Ohr Pharmaceutical, Inc. 8-K

Exhibit 10.1

 

RETENTION BONUS AGREEMENT

 

THIS RETENTION BONUS AGREEMENT (this “Agreement”) is made and entered into by and between Ohr Pharmaceutical, Inc. (the “Company”) and Jason Slakter (“Employee”), effective as of this 2nd day of January, 2019 (the “Effective Date”).

 

WHEREAS, the Company has entered into that certain Agreement and Plan of Merger and Reorganization, dated as of January 2, 2019, with Ohr Acquisition Corp., a Delaware corporation and a wholly-owned subsidiary of the Company (“Merger Sub”), and NeuBase Therapeutics, Inc., a Delaware corporation (“NeuBase”), pursuant to which NeuBase will merge with and into Merger Sub, and following the merger, NeuBase will be a wholly-owned subsidiary of the Company (the “Transaction”); and

 

WHEREAS, Employee’s expertise regarding the Company is deemed critical to the success of the closing of the Transaction; and

 

WHEREAS the Company is offering Employee a retention bonus (the “Bonus”) if Employee remains with the Company through the closing of the Transaction.

 

NOW THEREFORE, in consideration of the promises and the agreements of the parties set forth in this Agreement, and other good and valuable consideration, the receipt and sufficiency of which are hereby acknowledged, the parties hereby agree as follows:

 

1.          Definition.

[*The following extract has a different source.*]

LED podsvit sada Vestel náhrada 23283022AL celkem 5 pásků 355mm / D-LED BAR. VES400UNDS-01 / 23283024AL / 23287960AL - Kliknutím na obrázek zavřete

For the purposes of this Agreement, termination “for Cause” shall be defined as a termination by the Company of the employment of Employee occasioned by (i) the failure by Employee to cure a willful breach of a material duty imposed on Employee under this Agreement within thirty (30) days after written notice thereof by the Company or the continuation by Employee after written notice by the Company of a willful neglect of a duty imposed on Employee under this Agreement, (ii) Employee’s conviction of (or plea of guilty or nolo contendere to) a misdemeanor which constitutes a crime of moral turpitude and, in the good faith opinion of the Committee, materially damages the Company or to any subsidiary or affiliate of the Company, (iii) Employee’s conviction of (or plea of guilty or nolo contendere to) a felony (including, without limitation, any felony constituting a crime of moral turpitude), (iv) any act of gross negligence or corporate waste by Employee that adversely affects the Company, (v) the commission of any intentional tort by Employee against the Company causing loss, damages or harm to the Company, (vi) the misappropriation of proprietary information or confidential information, or (vii) any breach of the Proprietary Information and Inventions Agreement, dated August 7, 2015, between the Company and Employee. In the event of termination by the Company “for Cause,” all salary, benefits and other payments shall cease at the time of termination, and the Company shall have no further obligations to Employee.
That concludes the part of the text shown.